Come racconta l’architetto “è una sorta di labirinto, fatto di un open space, ma anche di ambienti molto intimi. La disposizione tradizionale è sovvertita; la zona notte è su entrambi i livelli, con quinte e divisori di legno che trasformano lo spazio, offrendo punti di vista sempre differenti, dando l’impressione di perdersi, non trovarsi. Tra il legno – elemento dalla presenza importantissima – e i volumi, la sensazione per l’ospite è quella di camuffarsi in un interno-natura, farsi albero”. Il desiderio della committenza era quello di essere circondati di legno e Francesca Neri Antonello ha fatto diventare questa “ossessione” una chiave di lettura per il progetto. “Ho avuto questa visione: dare vita a una stalla raffinata caratterizzata da grande ricerca di materiale di recupero. È un progetto nel quale il legno dice tutto, e dice tutto perché il legno è vivo, quindi è una materia che parla. È forse l’unica materia che parla e quindi ha una forza espressiva incredibile”.

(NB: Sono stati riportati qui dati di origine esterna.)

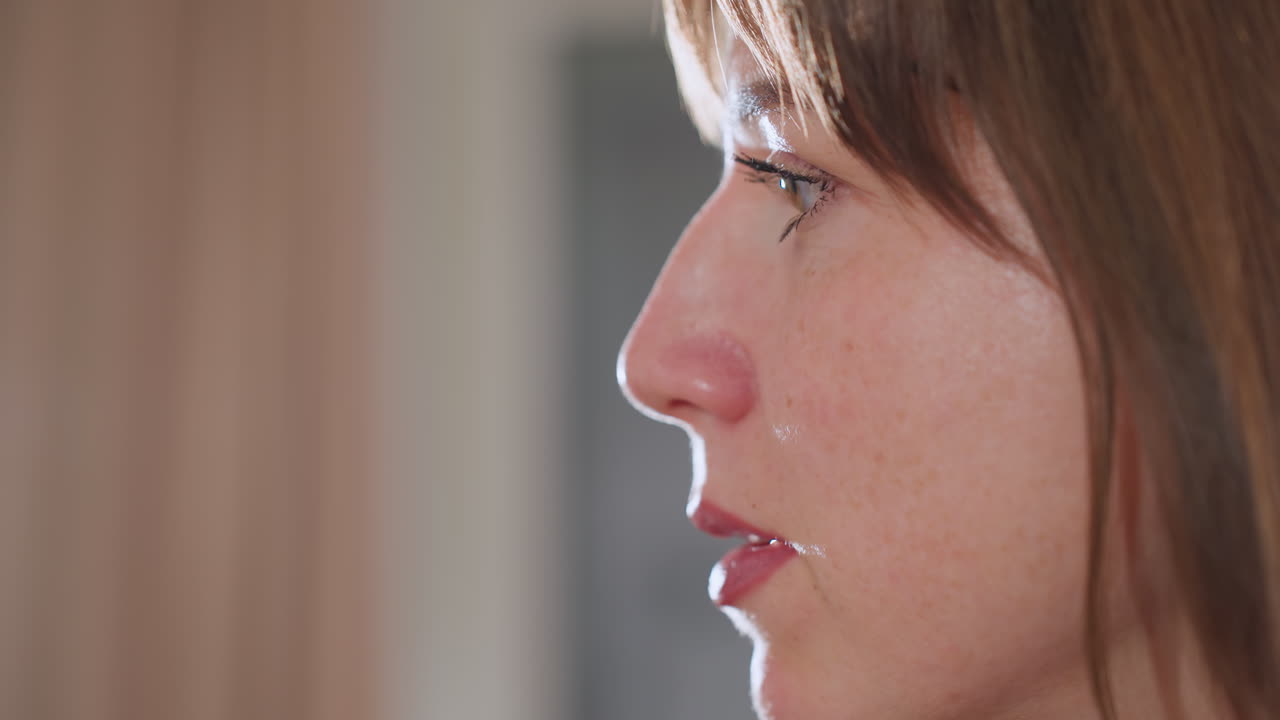 Close up of woman face speaking during counseling session, illuminated by soft studio light, revealing expressive eyes and lips, conveying empathy and attentiveness in professional wellness setting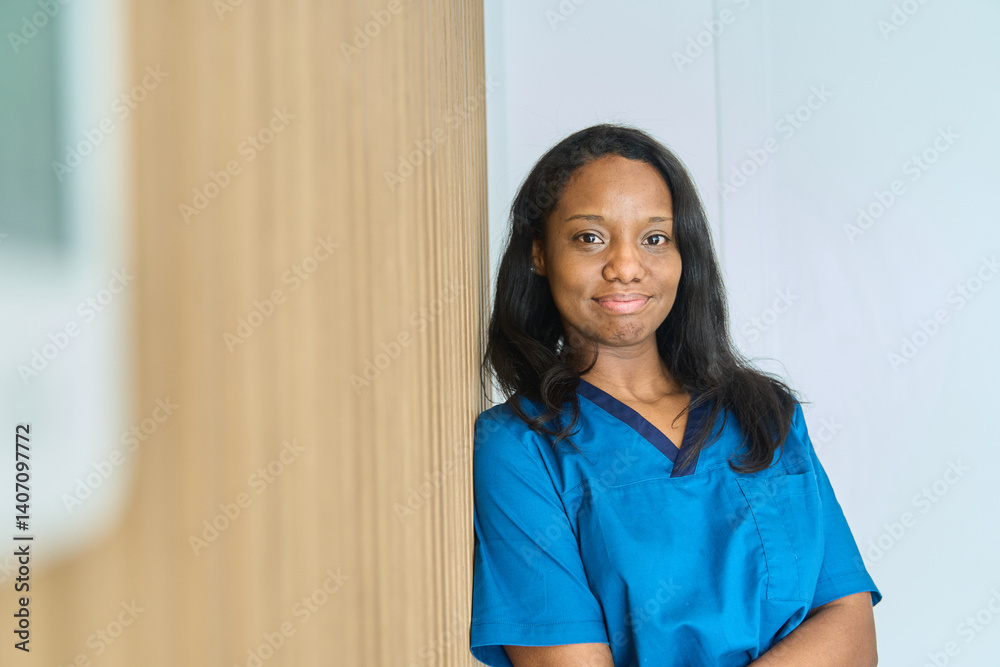 Confident dentist smiling in modern dental clinic Confident dentist smiling in modern dental clinic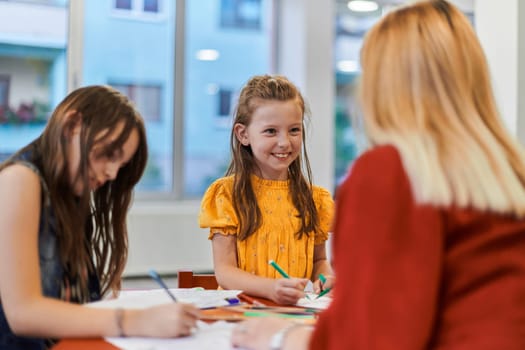 Creative kids during an art class in a daycare center or elementary school classroom drawing with female teacher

Un mix di vecchi legni con Francesca Neri Antonello

Ed è grazie alla poesia della materia lignea che l’atmosfera intensa dell’interno, nonostante la prevalenza di colori scuri non appare cupa, ma avvolgente. “Il legno, specialmente quello di recupero, ha vissuto, magari in zone diverse; è stato colpito da differenti luci; ha trame e profondità che lo rendono vibrante; è vivo, appunto. Questo fa sì che non risulti mai piatto, opaco, ma caldo e in qualche modo sempre luminoso. Attraverso una grande ricerca e sperimentazione ho cercato di far esprimere la materia, quindi forse, alla fine, il merito della riuscita del progetto è tutto del legno”. Tra gli elementi scenografici che caratterizzano il progetto e dimostrano questa sensibilità, c’è un puzzle di vecchi legni che riveste la parete che fa da sfondo alla scala. Risultato di uno studio compositivo fatto dall’architetto su un’impalcatura stesa a terra, come fosse un’opera d’arte, il mosaico è frutto di un lavoro sartoriale di scelta e accostamento di elementi, pezzo per pezzo.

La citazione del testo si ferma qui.